So we would need to add that since God exists in spiritual form, this means that God could not be the primary essence of the world, cause even the spiritual or consciouss needs matter to exist, is therefore dependend on matter, and therefore can not be the primary substance of the world.

So that what the world in essence entails, can not be God, but is matter. It does not need perse that God (as a spiritual being)does not exist (who is to say that in the vastness of outer space and the universe), but that God is not the necessary being (that what in first instance needs there to be, in order for there to be a world) of the world. But since God is declared of being the primary essence of the world, but fails in that respect, this would in fact mean that God does not exist at all.

Read also The Fundamental Question (http://www.theologyonline.com/vbulletin/showthread.php?s=&threadid=8244) and An alternative for the system of God declared truths (http://forums.philosophyforums.com/showthread.php?s=&threadid=2813).

jjjg
July 9th, 2003, 10:22 PM
Yes, the Universe needs a cause as it is contingent and potential of change.

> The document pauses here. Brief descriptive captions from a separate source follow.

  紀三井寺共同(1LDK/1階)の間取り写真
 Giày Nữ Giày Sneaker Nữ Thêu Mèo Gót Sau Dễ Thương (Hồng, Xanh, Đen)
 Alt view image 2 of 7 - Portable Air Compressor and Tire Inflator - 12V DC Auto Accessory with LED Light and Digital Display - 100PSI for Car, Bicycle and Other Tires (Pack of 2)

No not everything needs matter to exist. Gravitational and magnetic forces do not.

God is uncaused and eternal not self-caused or caused by something else.

Aussie Thinker
July 10th, 2003, 12:17 AM
Ben,

I agree with the rest of your post but is it really human nature to reserve judgment.

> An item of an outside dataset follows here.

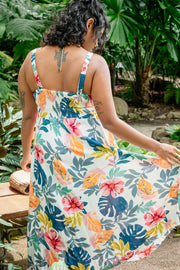 Jasmine Midi Dress – White Hibiscus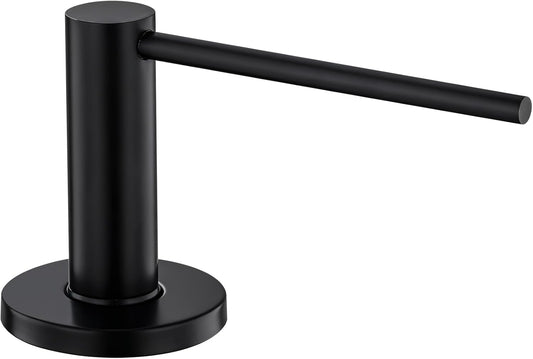 GAPPO Soap Dispenser for Kitchen Sink, Built in Sink Soap Dispenser, Matte Black Stainless Steel Pump Head, Lotion Dispenser with Refillable 17 OZ Bottle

If I see 100 explanations for causes as natural and nil causes as supernatural it is only fair to assume the unexplained will have natural causes too.

Aussie Thinker
July 10th, 2003, 01:02 AM
JJJG,

Please inform where and when and how gravitational and magnetic forces exist without matter ?

They are both dependant upon matter.

heusdens
July 10th, 2003, 05:55 AM
Originally posted by jjjg
Yes, the Universe needs a cause as it is contingent and potential of change.

The world needs a cause? Why?

Read my excercise on The Fundamental Question (http://www.theologyonline.com/vbulletin/showthread.php?s=&threadid=8244)


No not everything needs matter to exist. Gravitational and magnetic forces do not.


I use the term matter as a philosophical term, and which means that what exists objectively independend and outside of consciousness. It's a philosophical category, you can not even touch matter or detect it.
The physical notion of matter however is something else, it is a specific form of matter, which exists alongside other forms, like energy and fields, and is related to that.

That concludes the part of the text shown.